━━━ Provided data
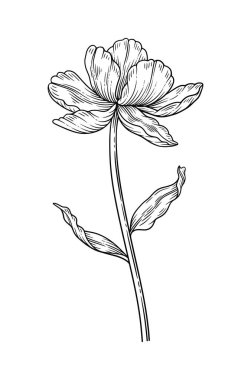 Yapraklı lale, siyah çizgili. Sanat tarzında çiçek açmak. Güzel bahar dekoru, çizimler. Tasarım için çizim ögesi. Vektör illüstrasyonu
━━━━━━
━━━ Provided data
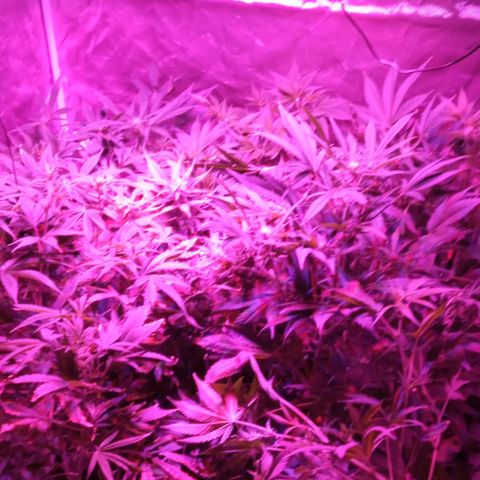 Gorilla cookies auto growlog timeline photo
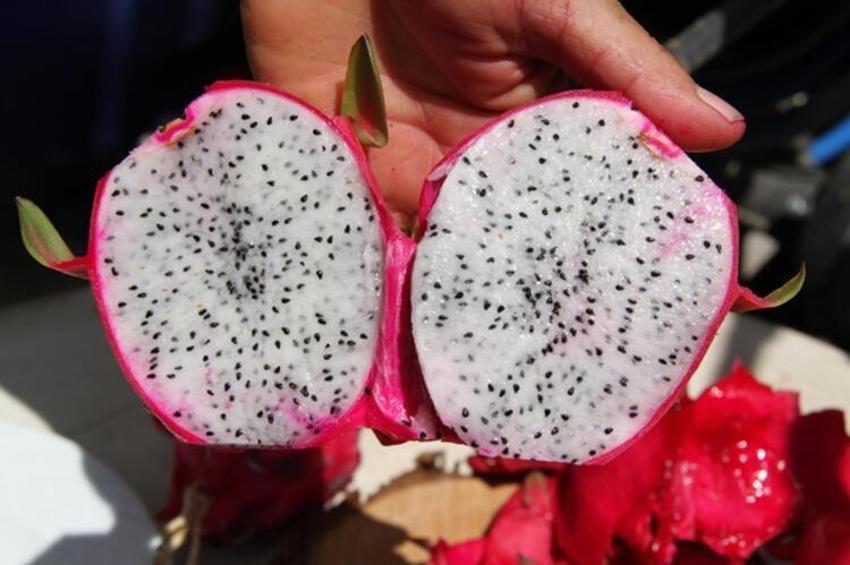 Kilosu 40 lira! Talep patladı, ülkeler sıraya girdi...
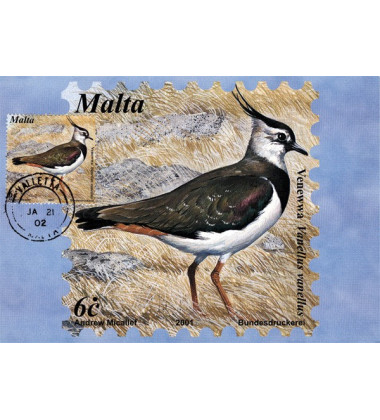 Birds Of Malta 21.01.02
━━━━━━
Your goal: Please transcribe exactly the part of the records that opens with the line containing "Gorilla cookies auto growlog timeline photo" and closes with the line containing "Birds Of Malta 21.01.02", both ends included, and leave out the pictures.

The answer:
 Gorilla cookies auto growlog timeline photo
 Kilosu 40 lira! Talep patladı, ülkeler sıraya girdi...
 Birds Of Malta 21.01.02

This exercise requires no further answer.